The relationship between Alex and Nick unfolds across times and places of eating. He initially introduces himself to her during her lunch break, enforcing his presence on her space – he can, he’s her boss. This is an occurring theme, they argue in front of other employees and negotiate their relationship during lunchtimes. Interrupting a person during their break, when they need to fuel themselves (especially with the backdrop of the physical job Alex has, a welder at a steel mill by day, and a dancer by night) is an act of power. But Alex refuses to be controlled and she sets her boundaries by leaving, by not eating her lunch in his presence. Lunch features a lot, Nick says he grew up so poor he had “hand me down lunches”; when he tries to buy her lunch at work with the line “it’s only lunch,” she responds “I don’t want you to buy me anything.”

But the scene I love the most involves the best outfit of the 80s, and lobster. Dressed in a tuxedo Alex sits across from Nick at a fancy restaurant – white tablecloths, silverware, the whole cliched shebang. It is clear at this point the class divide between the two, and this scene allows us to once again see how Alex takes control of a situation that she could be uncomfortable in. She makes the rules, she has agency of her body, and her life, and her desire. Instead of meeting expectations or following etiquette she eats the lobster with her hands; she plays with it, she licks and sucks and bites. Her feet find her way onto Nick’s lap under the table… And, when interrupted by Nick's ex-wife appearing at the table, Alex takes off her tuxedo jacket to reveal she is only wearing the white tuxedo ‘bib’ and white ‘cuffs’. Alex owns this space. 

“How was the lobster?” Nick asks.

“It sucks.” Alex answers.

 


***

Excuse the images and video from my laptop that needs a clean, but this is blogging baby, it's rough and ready... and tbh I think the images shine through the smeary screen. The dance pieces are so wild, imagine a pub putting this on in the corner and everyone watching and eating a smash burger - it needs to happen.
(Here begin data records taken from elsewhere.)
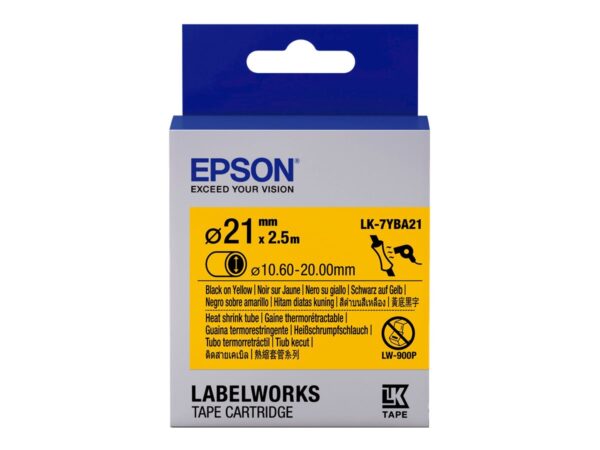 EPSON Ruban LK-7YBA21 – Gaine thermorétractable HST Noir/Jaune d21/2,5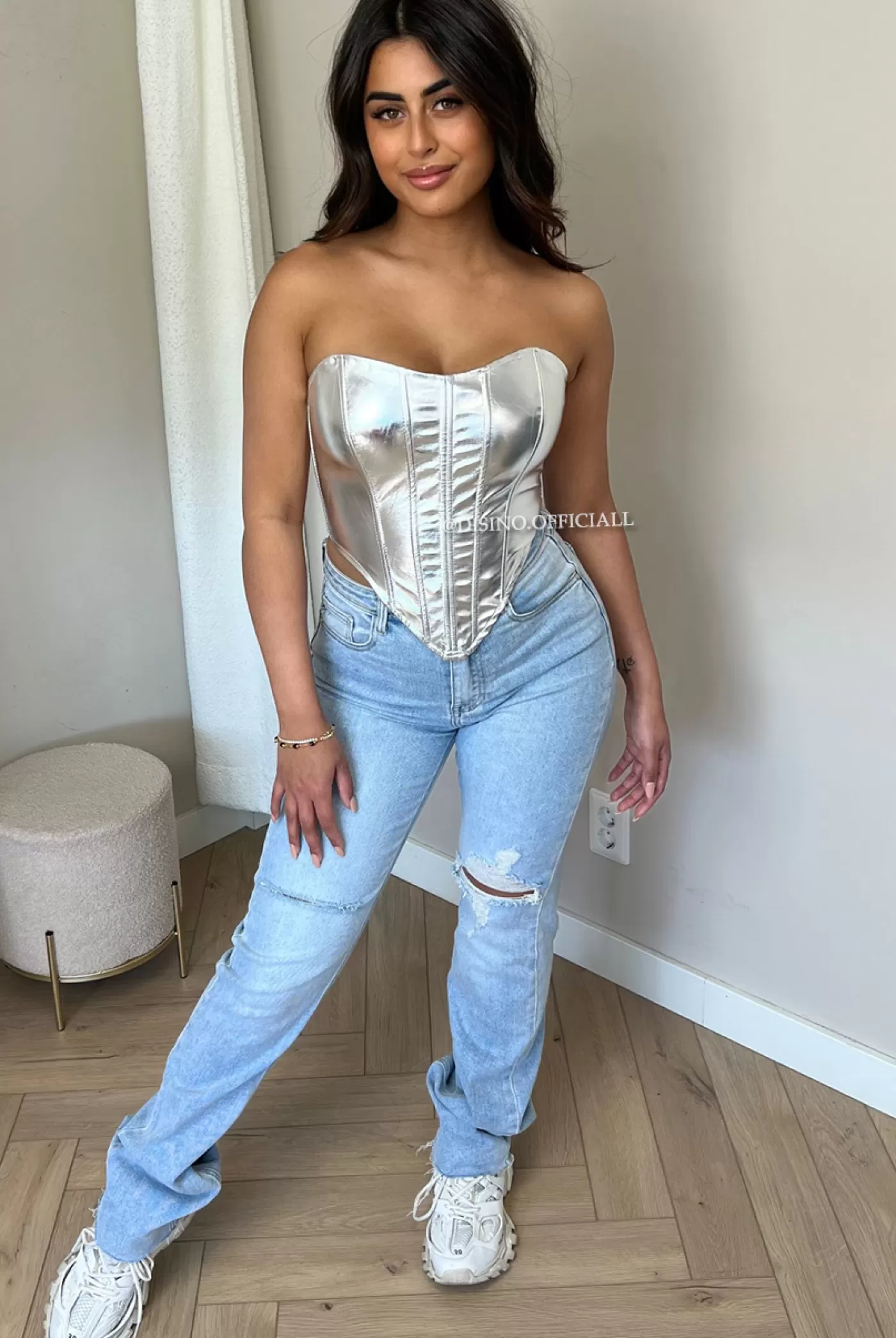 DISINO Silver - 'Monroe' - Exclusive Metallic Leather Corset Top | Vrouw Tops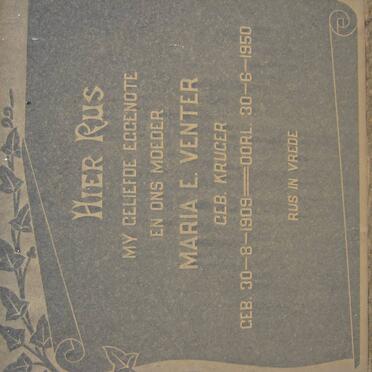 VENTER Maria E. nee KRUGER 1909-1950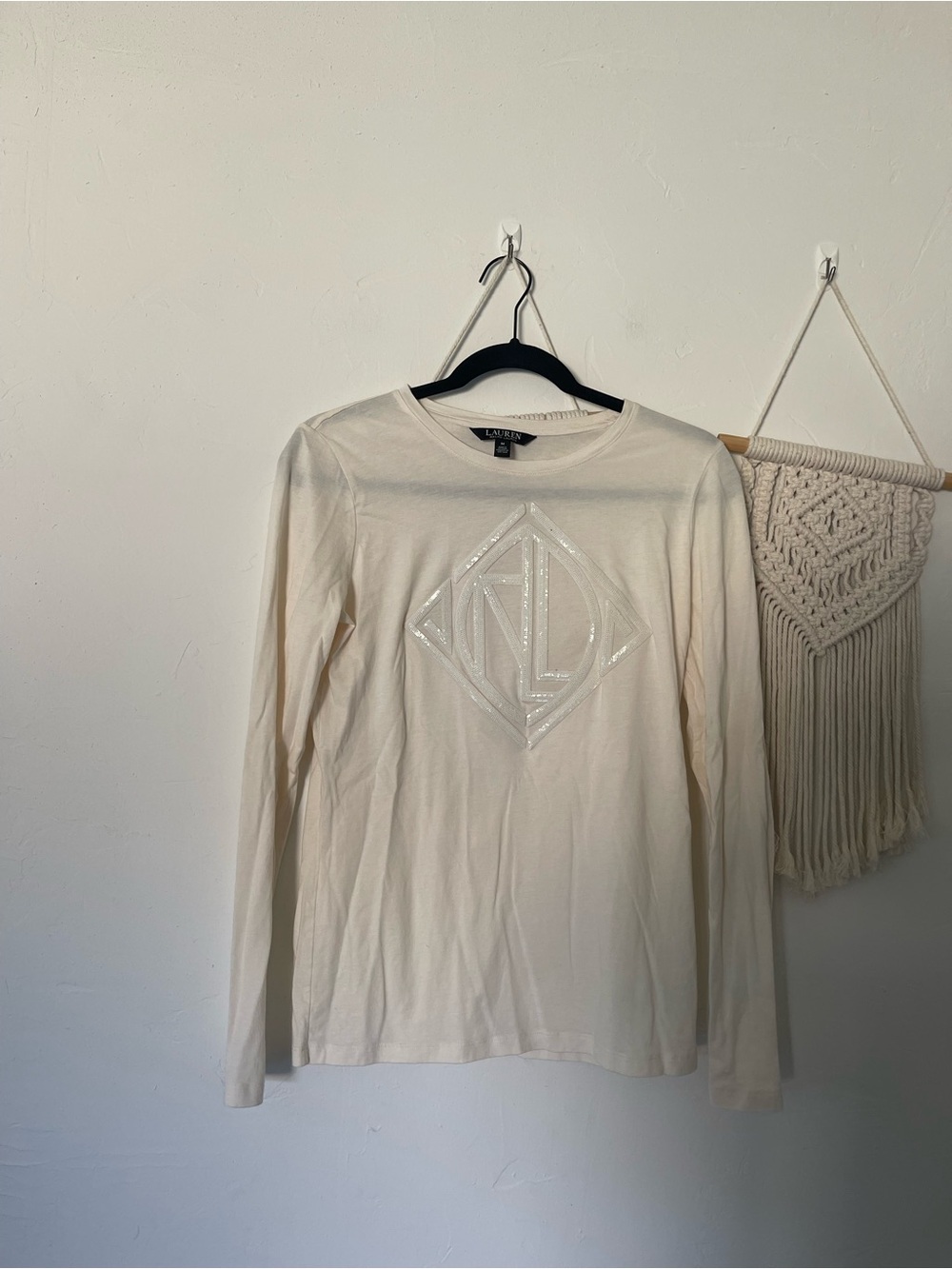 Lauren Ralph Lauren Long Sleeve Sequin Top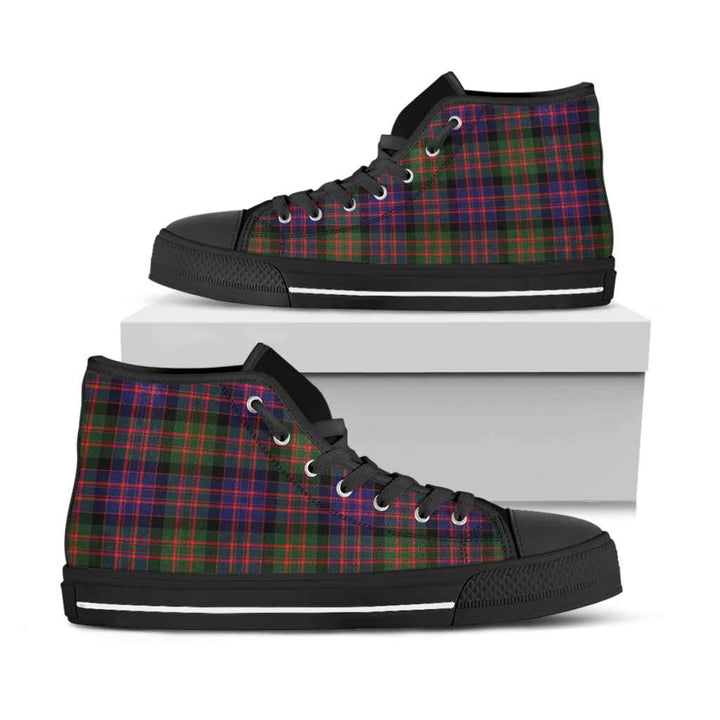 Scottish MacDonald Modern Clan Tartan High Top Shoes Black Sole Tartan Plaid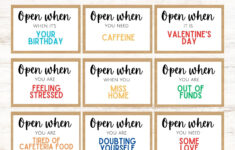 Open When Letters Envelope Cards For College Student Or Going Away with Free Printable Open When Letters Labels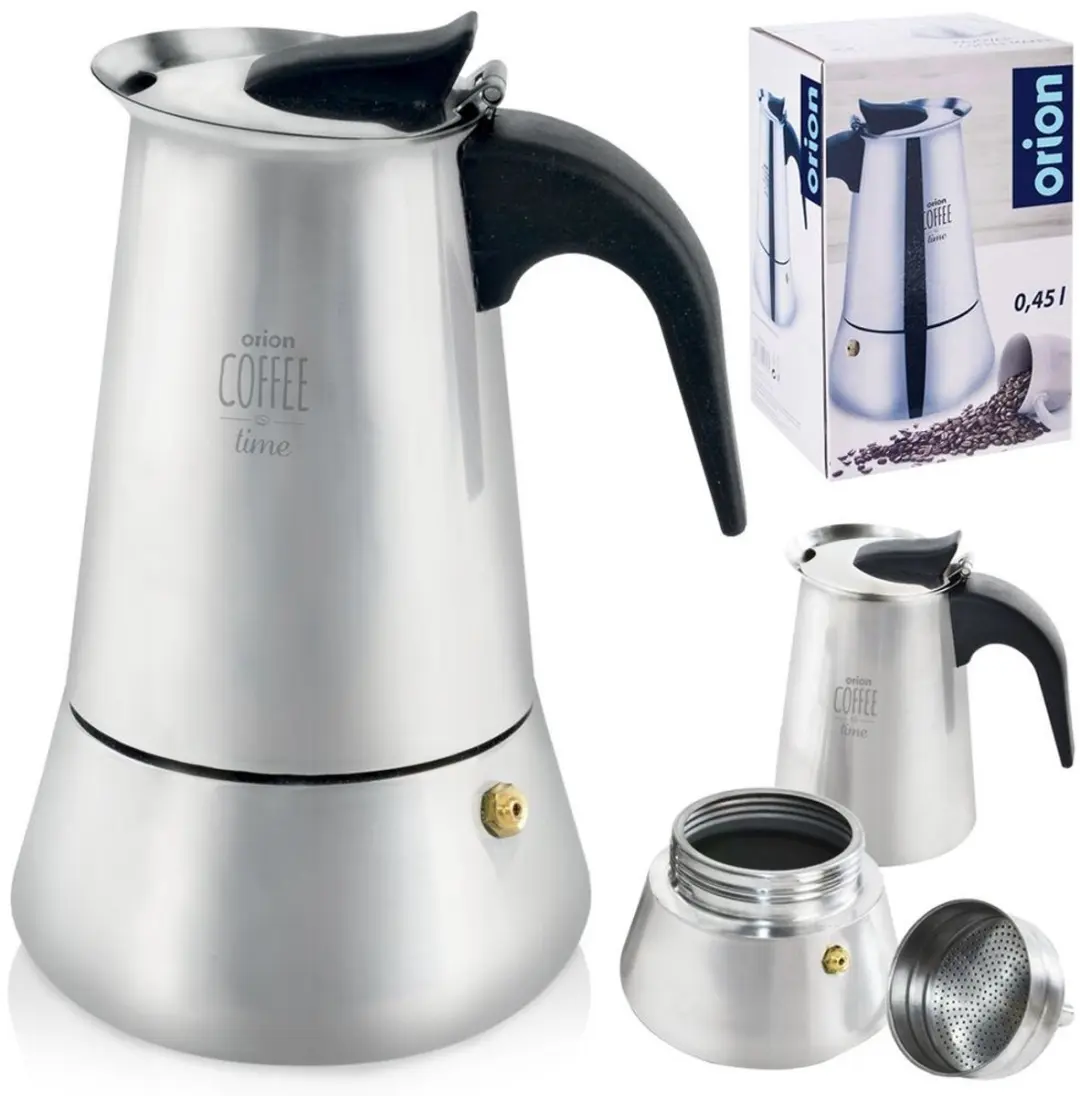 Orion Stalen Koffiemaker 450ml - 9 Kopjes - Zilver/Zwart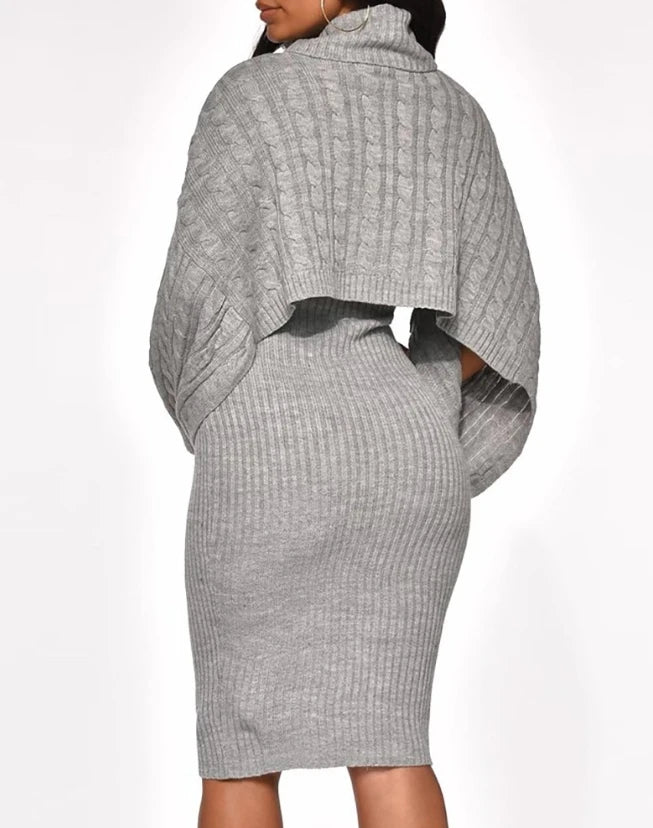Women's Sweater Dress Set Autumn Winter New 2025 Solid Turtleneck Ribbed Sweater & Knitted Strap Dress Sets Matching Outfit
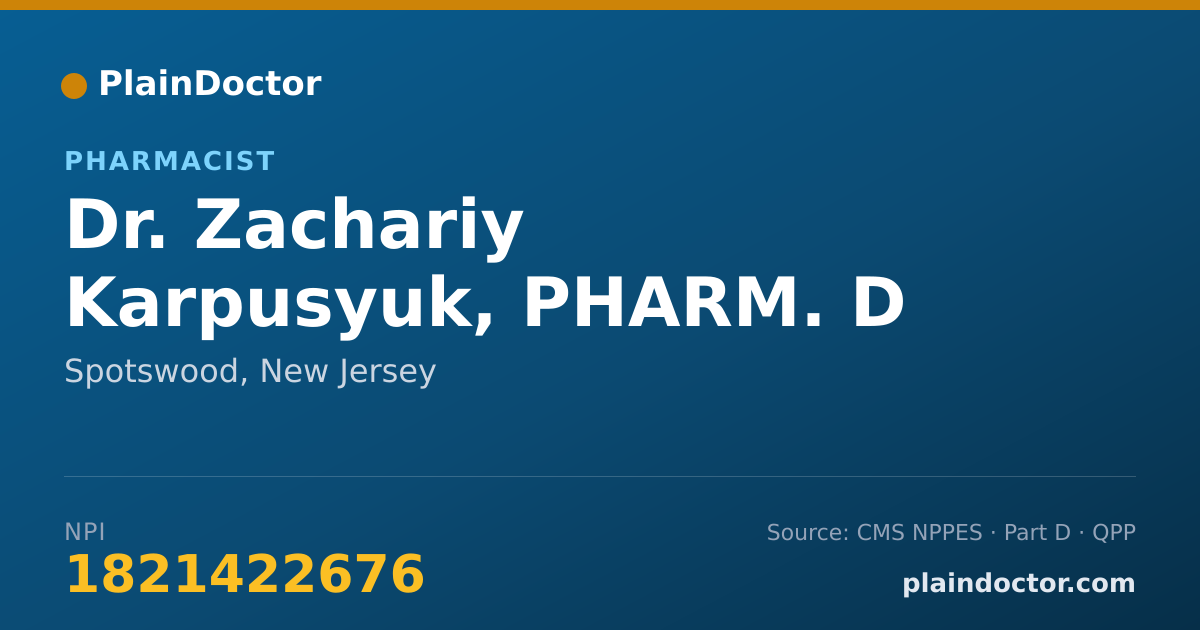 Shareable card for Zachariy Karpusyuk, PHARM. D - Pharmacist, Spotswood, NJ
And of course, the opening sequence is shot so perfectly. She is a welder and a dancer!




I also want to say a big thank you to Jonathan Nunn who supported me in writing this piece, even though personal issues meant that I was so so late in writing it that I totally missed the deadline for Vittles. But being able to do the research and most importantly, be able to write these thoughts and feelings, is hugely important and helps me develop as a writer. This is unedited and I would love to publish this - or a piece in this vein - for a wider audience, if anyone would like it!


A ton of research into dance and food has been left out - a) I go on research tangents, b) the task was to keep it to dance films.